How to complete this task:
Below are the records. Retype, exactly, the lines from the first through the line with "Licht-Erlebnisse Hängelampe Innen", and leave out the pictures.

Provided records:
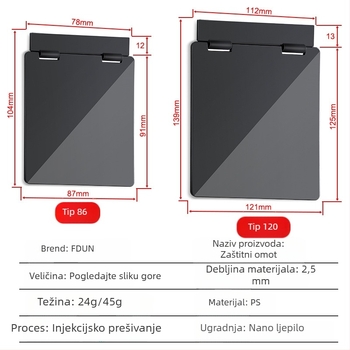 Zaštitni poklop za panel sjenila centralne klime, kućište prekidača i termostat — zaštita od slučajnog dodira, otporan na prskanje vode u kupaonici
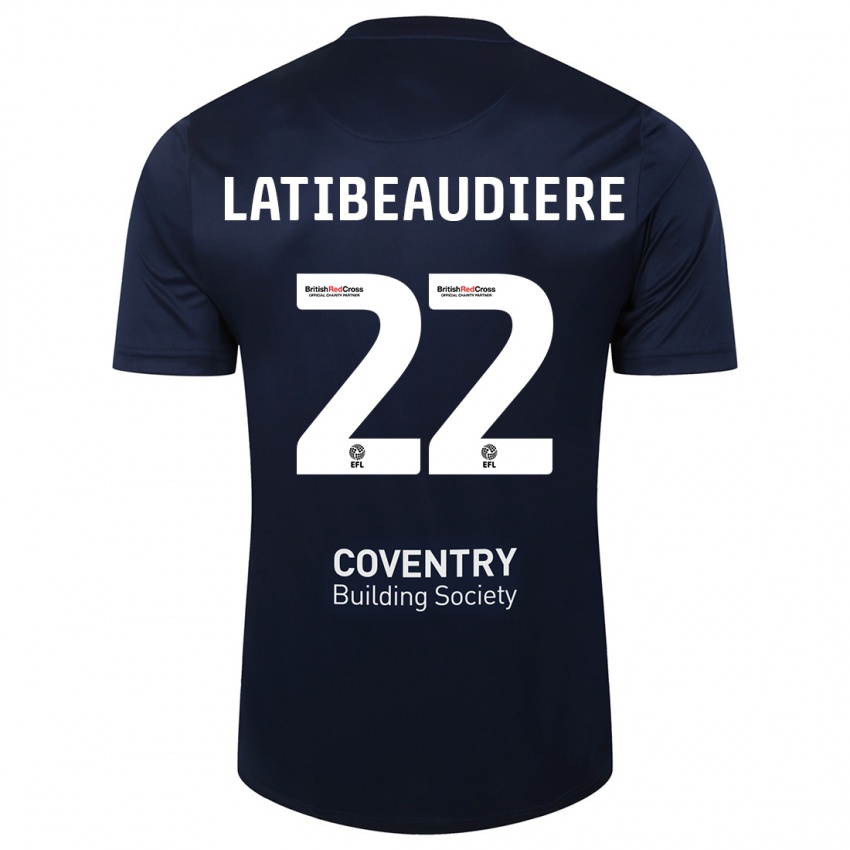 Heren Joel Latibeaudiere #22 Rode Marine Uitshirt Uittenue 2023/24 T-Shirt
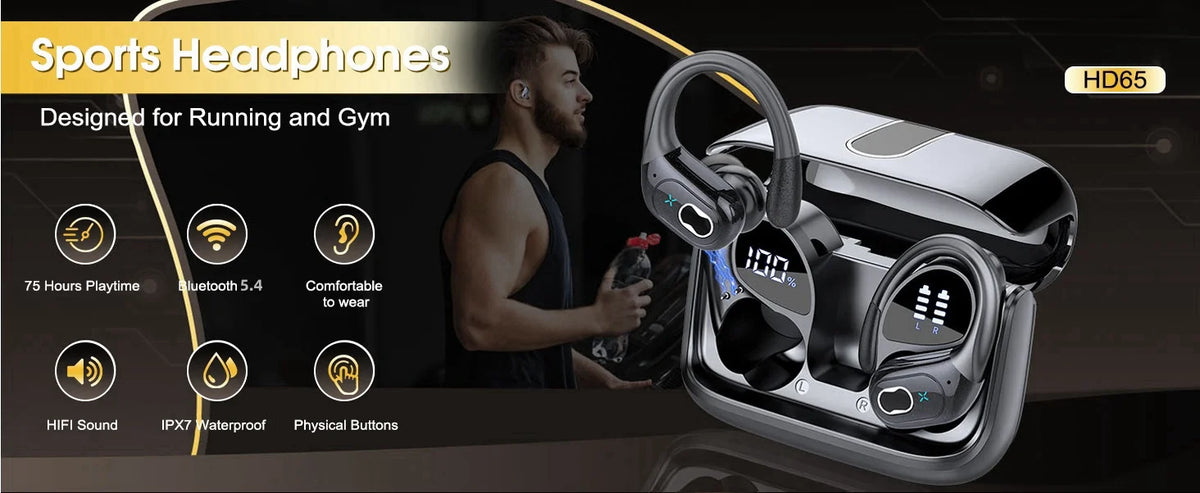 Original GDLYL HD65 TWS Bluetooth V5.4 Headphones Wireless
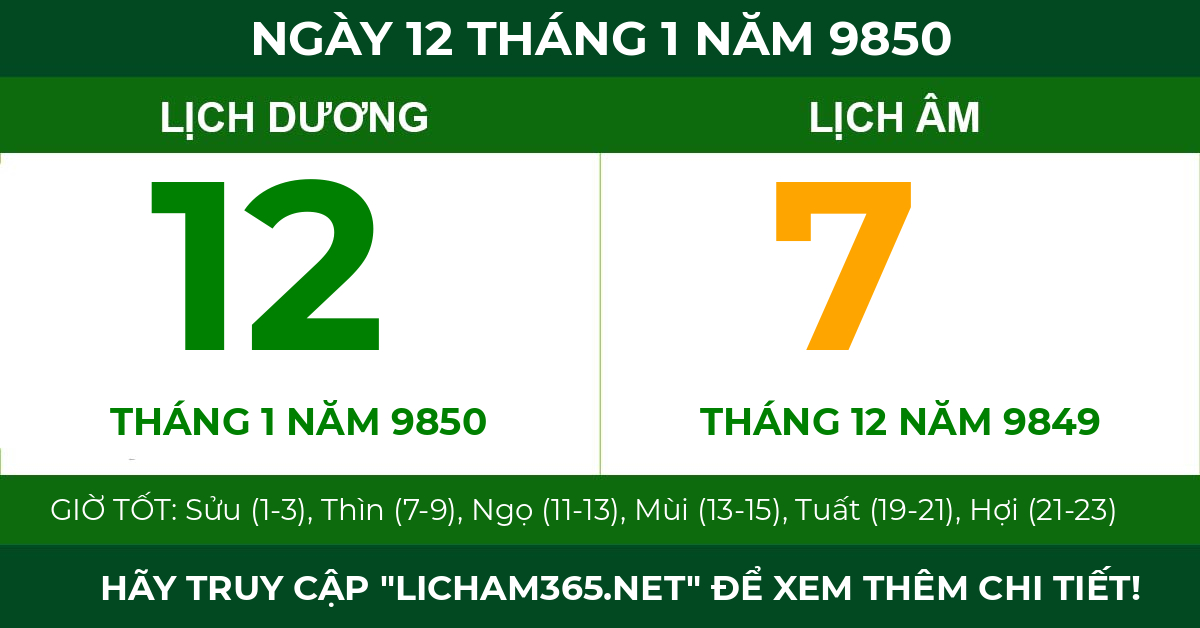 lịch âm ngày 12 tháng 1 năm 9850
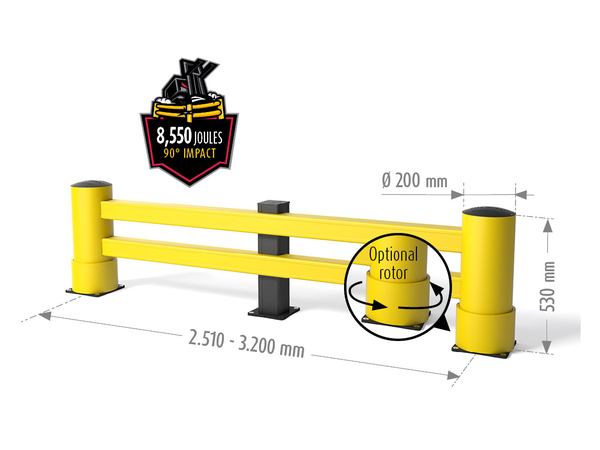 RACK END BO KIT WITH SUPPORT Megerősített állványvédő
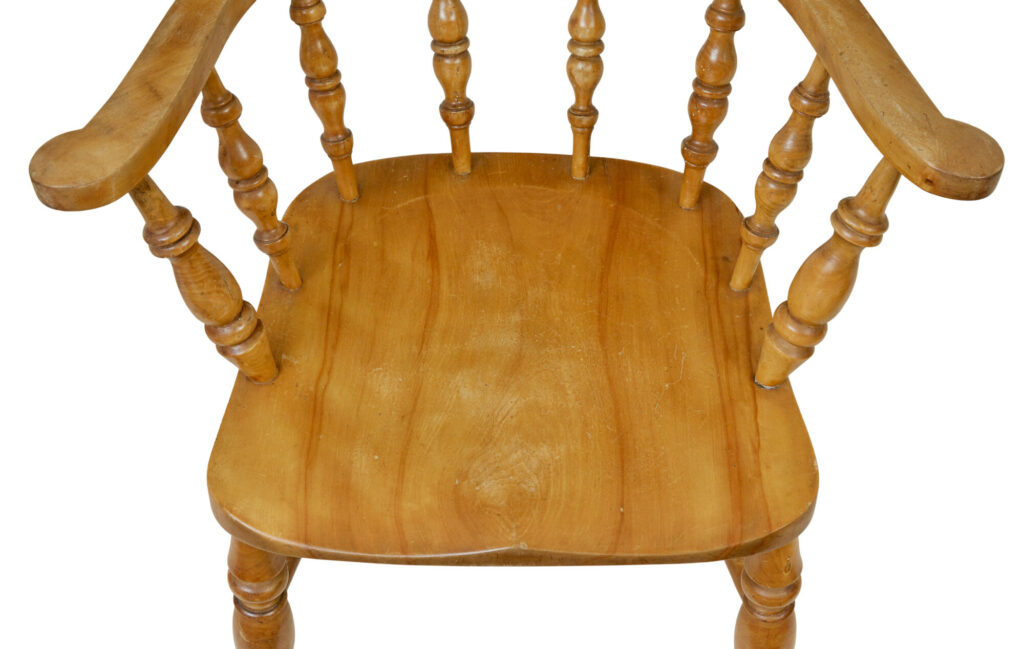 Pair of 19th Century Elm Elbow Chairs — image 3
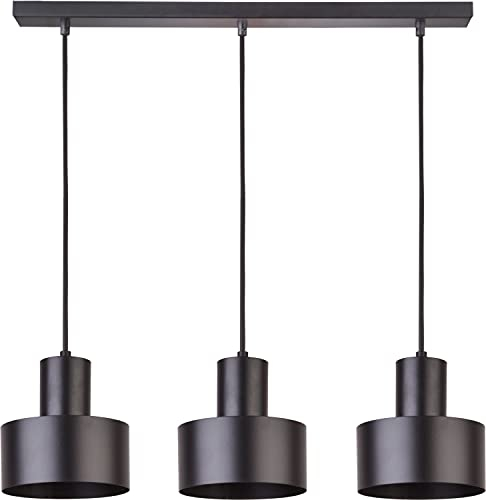 Licht-Erlebnisse Hängelampe Innen Metall schwarz 3-flammig E27 Esszimmer Esstisch B:67cm Beleuchtung Pendellampe Industrie Vintage Hängeleuchte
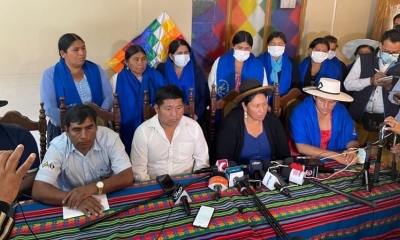 Representantes de la FSUTCC en conferencia de prensa. 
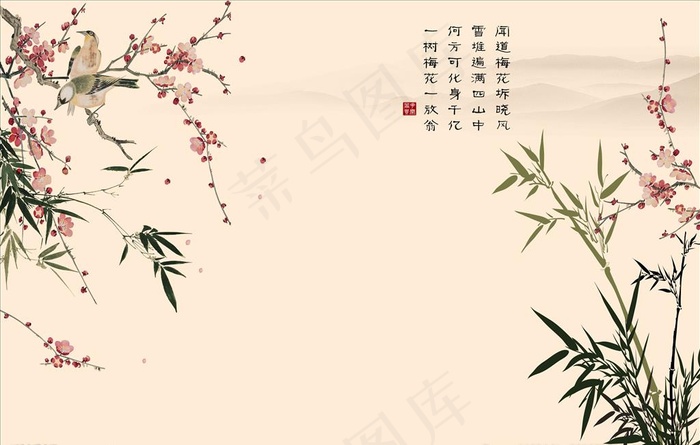 大尺寸古典花鸟禅意背景墙壁纸图片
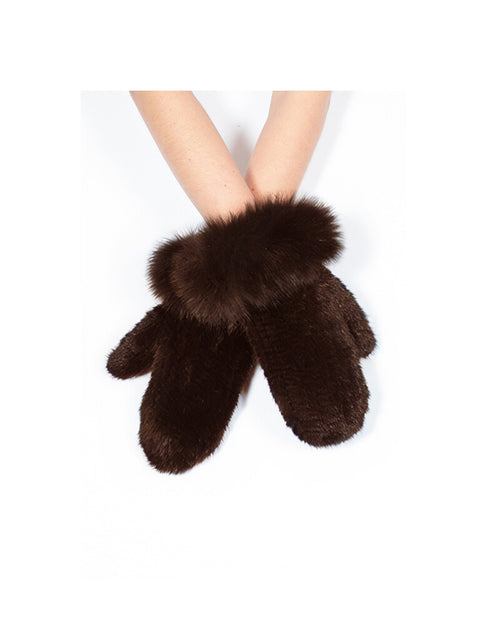 The Knitted Mink Mittens with Fox Trim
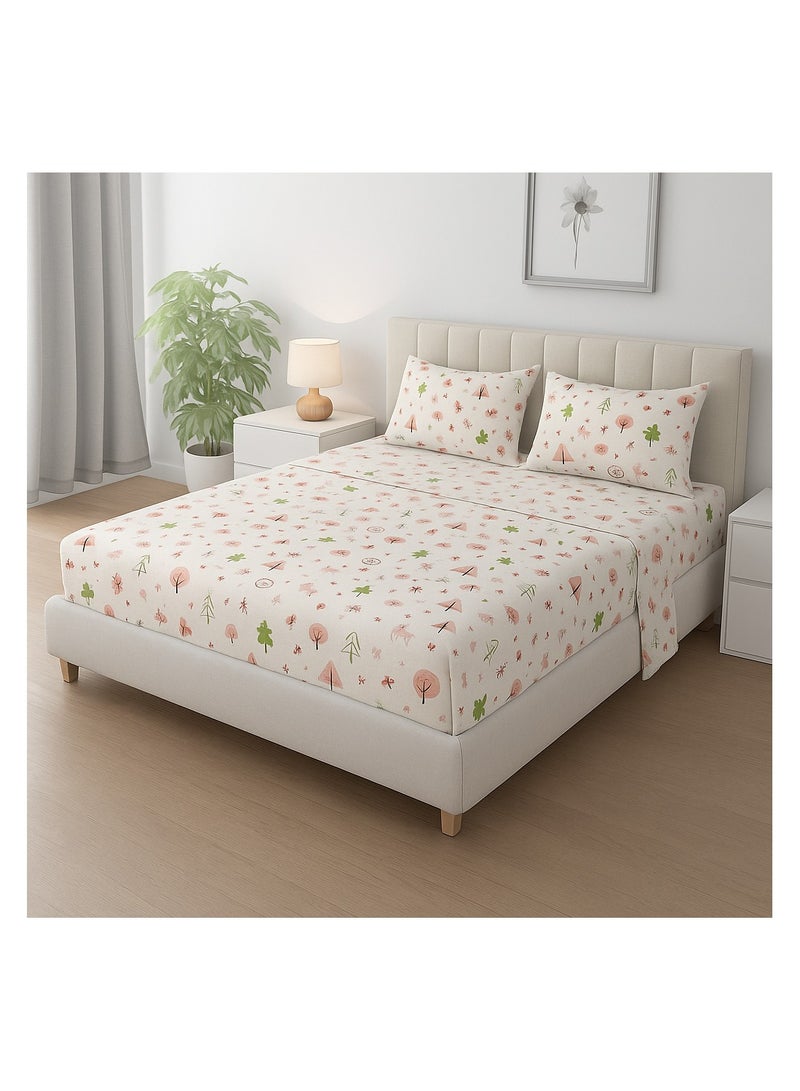King Size Cotton Bedsheet 240x270 cm with 2 Pillowcases 47x75 cm – 144 TC – Printed Design – Soft & Breathable  - Image 1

Answer section:
 Zaštitni poklop za panel sjenila centralne klime, kućište prekidača i termostat — zaštita od slučajnog dodira, otporan na prskanje vode u kupaonici
 Heren Joel Latibeaudiere #22 Rode Marine Uitshirt Uittenue 2023/24 T-Shirt
 Original GDLYL HD65 TWS Bluetooth V5.4 Headphones Wireless
 lịch âm ngày 12 tháng 1 năm 9850
 RACK END BO KIT WITH SUPPORT Megerősített állványvédő
 Pair of 19th Century Elm Elbow Chairs — image 3
 Licht-Erlebnisse Hängelampe Innen Metall schwarz 3-flammig E27 Esszimmer Esstisch B:67cm Beleuchtung Pendellampe Industrie Vintage Hängeleuchte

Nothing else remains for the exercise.